Source: src/data_products.py · /api/data-products · UI under /data-products.
Lifecycle
- Author the contract (Compliance Frameworks → ODCS) — generate from a UC table, refine the schema, quality rules, SLA, ownership.
- Publish the product — wraps the contract in marketplace metadata: name, domain, tags, sample query, screenshot URL, support email.
- Subscribe — consumers register their pipeline / dashboard / model as a subscriber. The producer sees who's consuming.
- Monitor — quality and SLA checks run on schedule; subscribers get email + dashboard alerts when the product goes red.
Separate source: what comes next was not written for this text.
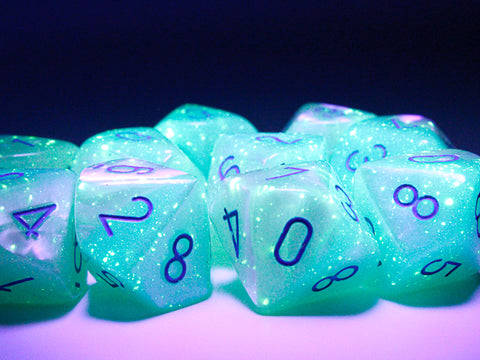 Gemini 10 D10 Pearl Turquoise-White/Blue Luminary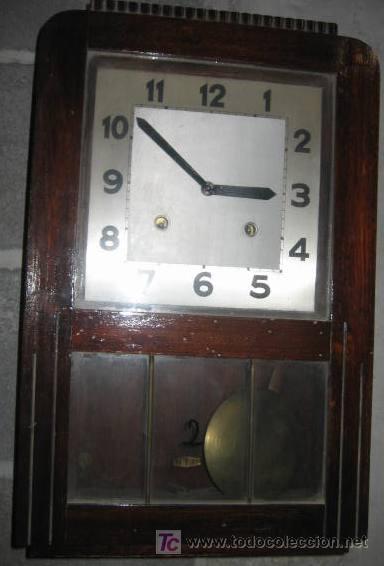 Relojes de pared: Reloj de pared, NO funciona, 47 x 30 cms - Foto 1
- Deprecate / retire — semantic-version bump on breaking changes, deprecation window for consumers to migrate, retirement when zero subscribers remain.
Publish a product
curl -X POST $CLXS_HOST/api/data-products \
-d '{
"name": "orders_bronze",
"domain": "ecommerce",
"version": "1.0.0",
"description": "Append-only Bronze landing table for orders, refreshed every 60s.",
"owner_team": "ecommerce-platform",
"owner_email": "data-platform@acme.com",
"contract_id": "orders-bronze@1.0",
"tags": ["bronze", "orders", "ecommerce"],
"sla": {"freshness": "1h", "availability": 99.9, "retention": "2y"},
"tables": ["prod.ecommerce.orders_raw"],
"sample_query": "SELECT * FROM prod.ecommerce.orders_raw WHERE order_date >= current_date() LIMIT 10",
"support_url": "https://wiki.acme.com/data/orders-bronze"
}'
Returns { product_id }. The product appears at /data-products/{product_id} with auto-generated docs from the contract.
Subscribe
A subscriber is a downstream consumer that depends on the product. The consumer's pipeline / dashboard / model registers itself once:
curl -X POST $CLXS_HOST/api/data-products/{product_id}/subscribe \
-d '{
"subscriber_id": "fraud-detection-pipeline",
"subscriber_type": "pipeline",
"owner_email": "fraud-team@acme.com",
"criticality": "critical"
}'
The producer's dashboard now shows the fraud-detection pipeline as a downstream consumer. A breaking change to the product triggers a notification to every subscriber's owner_email.
Discovery
The marketplace UI (/data-products) is searchable by:
- Domain (ecommerce, marketing, finance, …)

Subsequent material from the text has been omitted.